| RECORDED INFORMATION |
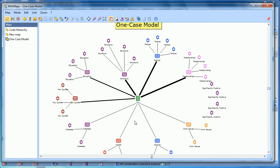So you can go through, bring in other objects, bring in memos, bring in pictures, create links. This model is just a starting point that MaxQDA creates for you.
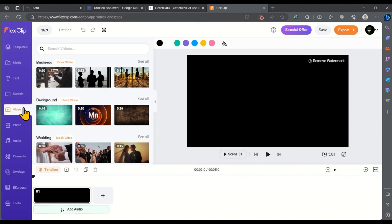In addition FlexClip offers a wide selection of sound effects and background music that is sure to impress you. You will definitely enjoy using them in your videos. FlexClip is a goldmine for content creators.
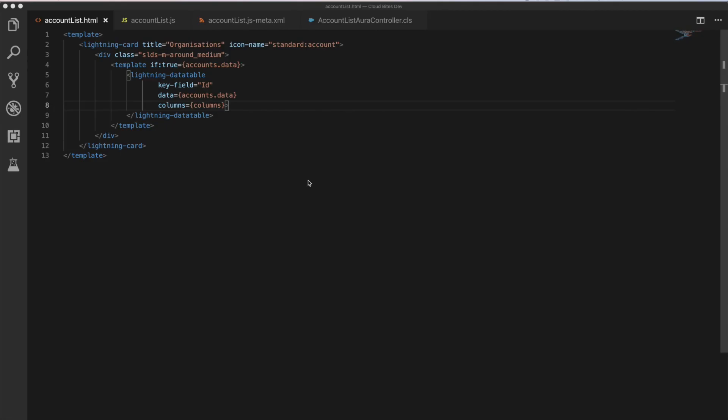Hello and welcome to this episode of Cloudbytes TV. This is the first full episode of our Lightning Web Components series. And for those that are just catching up, what we're doing is we're taking our Aura Components that we built in our Aura Components series, and we're going to migrate them over to Lightning Web Components. And this is the first component here, the account list component.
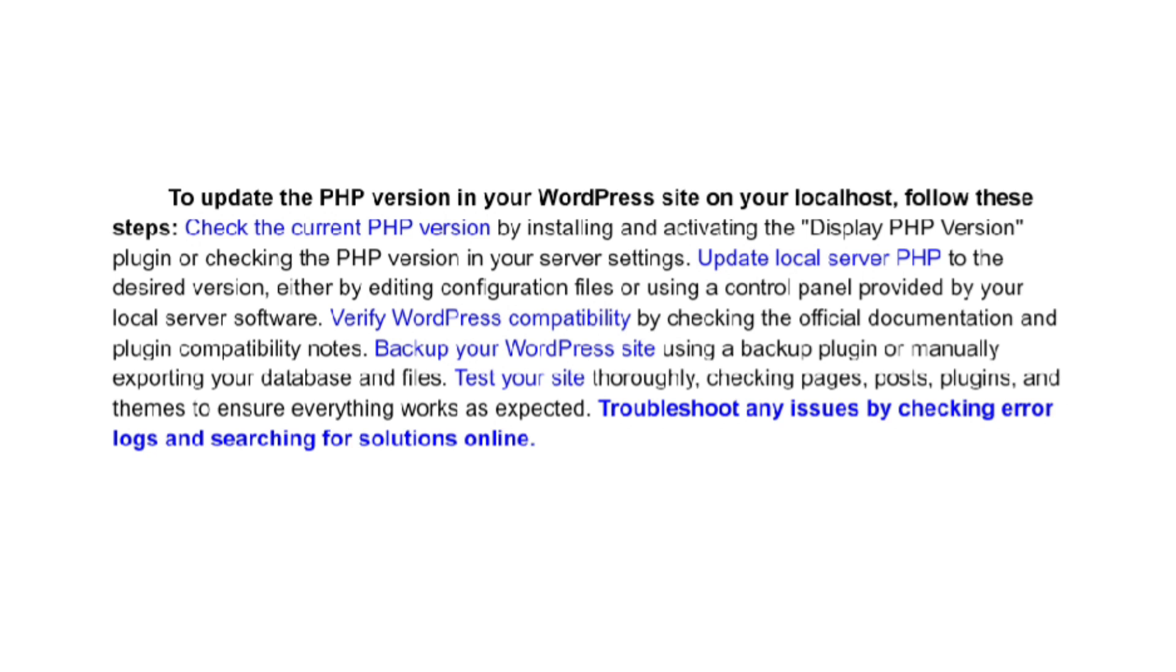Check the current PHP version by installing and activating the Display PHP Version plugin, or checking the PHP version in your server settings.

| TO DO |
With the pictures left out, output exactly the lines from the one with "In addition FlexClip" through the end of the listing above, both ends included.

| ANSWER FOR THIS EXERCISE |
In addition FlexClip offers a wide selection of sound effects and background music that is sure to impress you. You will definitely enjoy using them in your videos. FlexClip is a goldmine for content creators.
Hello and welcome to this episode of Cloudbytes TV. This is the first full episode of our Lightning Web Components series. And for those that are just catching up, what we're doing is we're taking our Aura Components that we built in our Aura Components series, and we're going to migrate them over to Lightning Web Components. And this is the first component here, the account list component.
Check the current PHP version by installing and activating the Display PHP Version plugin, or checking the PHP version in your server settings.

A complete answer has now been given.